Taxes on Corporations in Colombia
Information on taxes applied to corporate income and corporate capital gains
Corporate income tax. Domestic corporations are taxed on worldwide income. Domestic corporations are corporations organized under Colombian law. Branches of foreign corporations are taxed on Colombian-source income only.
Corporate income tax rates. The general tax rate for domestic corporations and branches of foreign corporations is 33%.
A special reduced income tax rate of 15% applies to legal entities qualified as Industrial Users or Service Users in a free-trade zone. Commercial Users in a free-trade zone are subject to the general income tax rate.
Reduced and gradually increasing income tax rates are available for small businesses (as defined by Law 1429, December 2011) beginning their activities on or after 1 January 2011. Zero percent of the rate applies for the first two years, 25% of the rate applies for the following three years, and the regular corporate income tax rate of 33% applies beginning in the sixth year.
Certain tax credits are available (see Foreign tax relief).
Capital gains. The following gains are considered capital gains, which are subject to the regular corporate income tax rate of 33%:
- Gains on the transfer of fixed assets owned for more than two years
- Gains resulting from the receipt of liquidation proceeds of corporations in excess of capital contributed if the corporation existed for at least two years
Administration. The tax year is the calendar year.
During the last week of each December, the Colombian government sets the due dates for the filing of income tax returns and payment of taxes due. Tax payments are made in five installments between February and October for Larger Taxpayers (large corporations, according to conditions set by the tax authorities) and in two installments between April and June for other legal entities. Advance payments for the current tax year, which generally represent 75% of the income tax payable for the prior tax year after withholdings, must be made with these installments.
Interest on the late payment of taxes is accrued at the effective rate of usury certified by the Superintendency of Finance for the corresponding month of delay. A penalty for late filing is levied on the amount of tax assessed in the corresponding tax return at a rate of 5% or 10% for each month or a fraction thereof. The penalty for late filing cannot exceed 100% or 200% of the difference of the tax to be paid or the balance in favor, depending on the timing of the filing. The penalty for amending a return may be 10% or 20% of the difference between the amount shown on the original tax return and the correct amount, depending on the timing of the amendment.

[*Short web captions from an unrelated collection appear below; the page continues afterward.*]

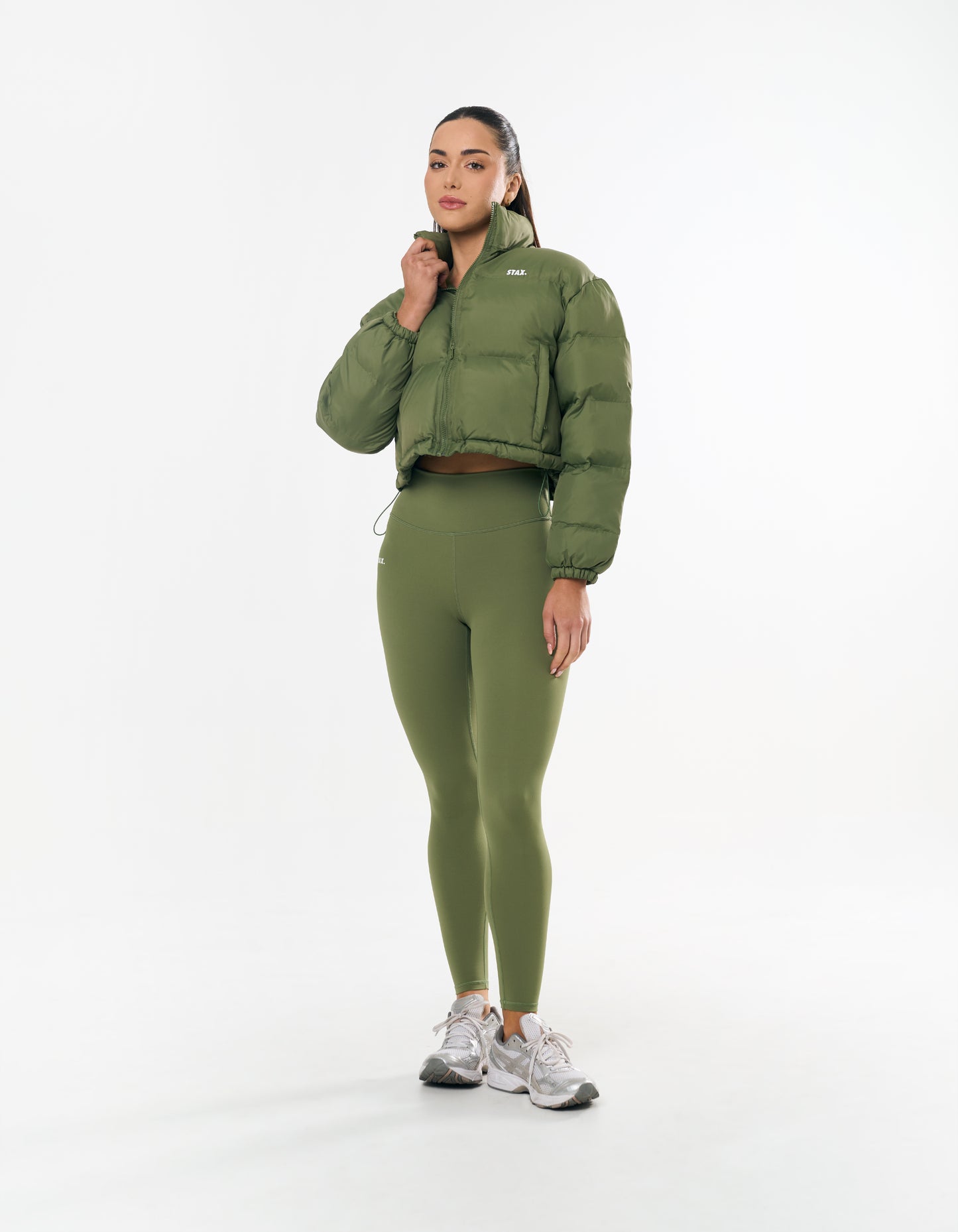 Cropped Puffer- Khaki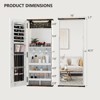 FONTOI Jewelry Armoires, Wall Mount Mirror Jewelry Cabinet with Compartments, Hanging Full Length Mirror with Secure Lock, White, 5.71"x16.14"x42.52" - 4 of 4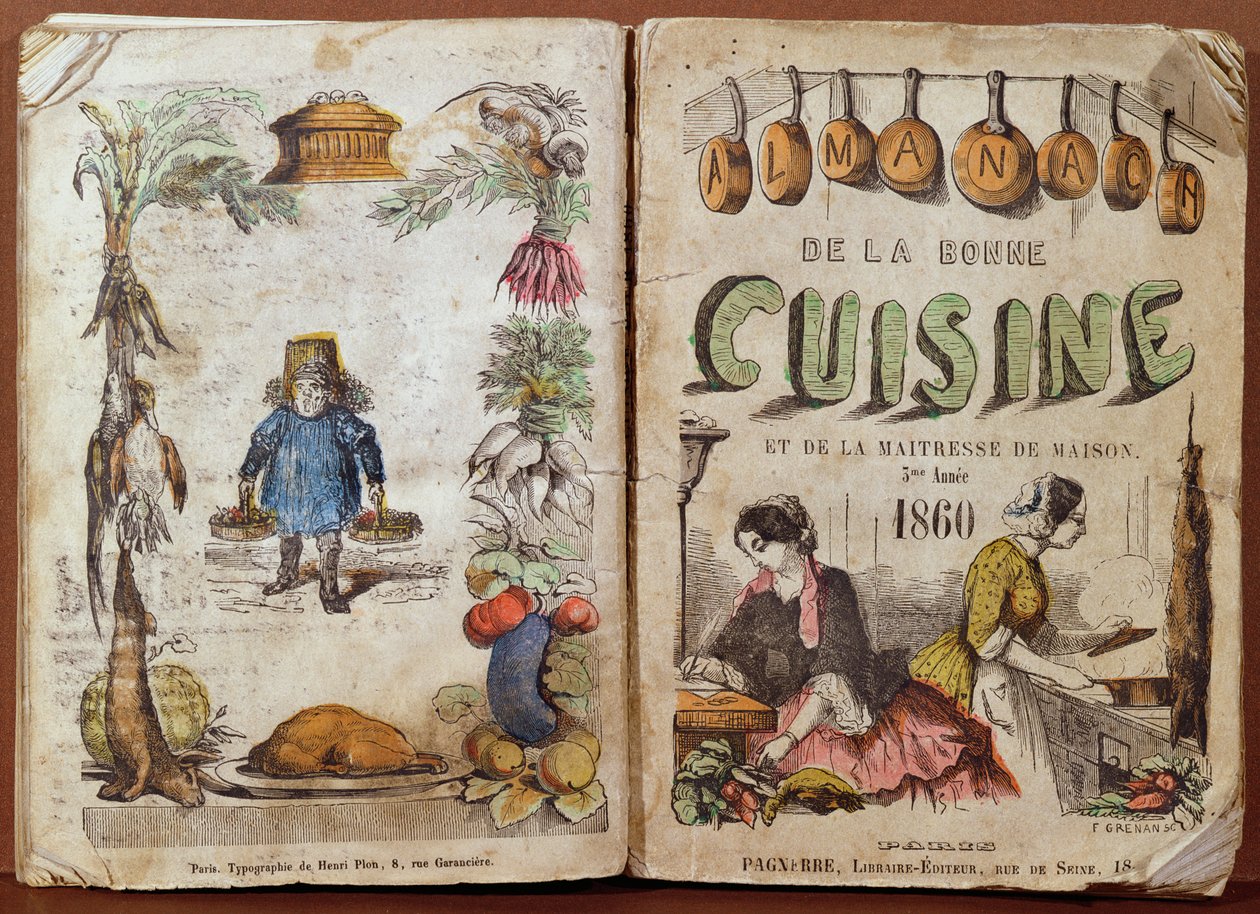 Forside av Almanach de la Bonne Cuisine et de la Mistress de Maison, 1860 av French School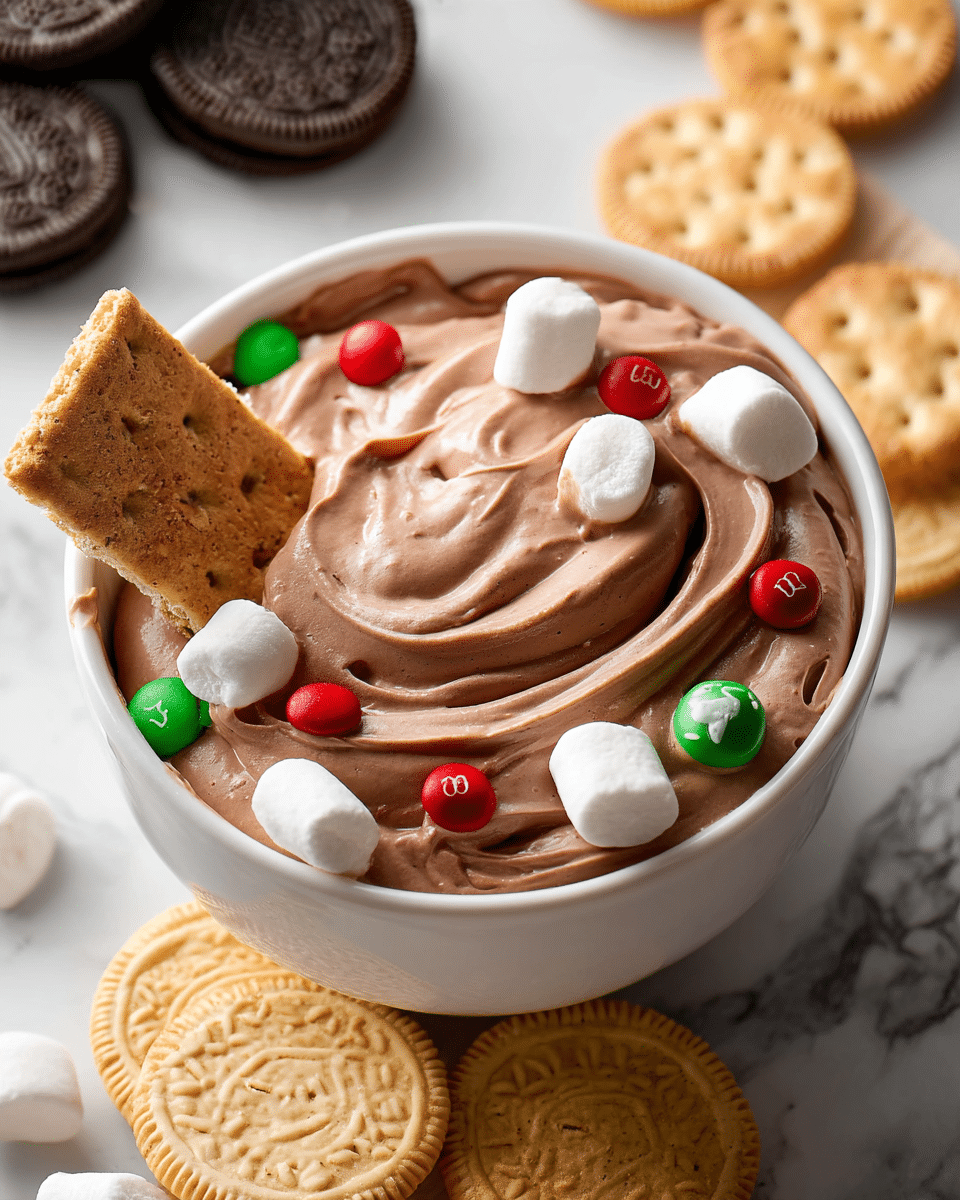 A white bowl filled with three thick layers of smooth, light brown chocolate mousse, swirled softly on top. Scattered over the mousse are small white marshmallows and red and green candy-coated chocolates. A light brown rectangular cracker is partially dipped into the mousse on the left side of the bowl. Around the bowl, there are light golden crackers and a few chocolate sandwich cookies on a white marbled surface. photo taken with an iphone --ar 4:5 --v 7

Dividends. Dividends paid to nonresidents are not subject to tax if the dividends are paid out of profits that were taxed at the corporate level (temporal differences can affect this calculation). If the dividends were not taxed at the corporate level, dividends paid to nonresidents are subject to withholding tax at the regular corporate income tax rate of 33%. A 7% dividend tax applies to dividends declared in the 2006 and prior tax years that were reinvested in Colombia if they are remitted to nonresidents within five years after the date of reinvestment. If such dividends are reinvested for a period of five years or more, the 7% dividend tax does not apply. Dividends paid between domestic corporations are not subject to tax if the company generating the profits out of which the dividends are paid is taxed on these profits in Colombia. Otherwise, the dividends are included in the income tax return of the recipient of the dividends and taxed at the regular corporate income tax rate of 33%. A 20% withholding tax is imposed on dividends paid to residents out of profits not taxed at the corporate level if the taxpayer is required to file an income tax return; otherwise, the withholding tax rate is 33%.
Any excess paid over the par value for shares (a share premium) is taxable to a company in the year in which the share premium is distributed as a dividend.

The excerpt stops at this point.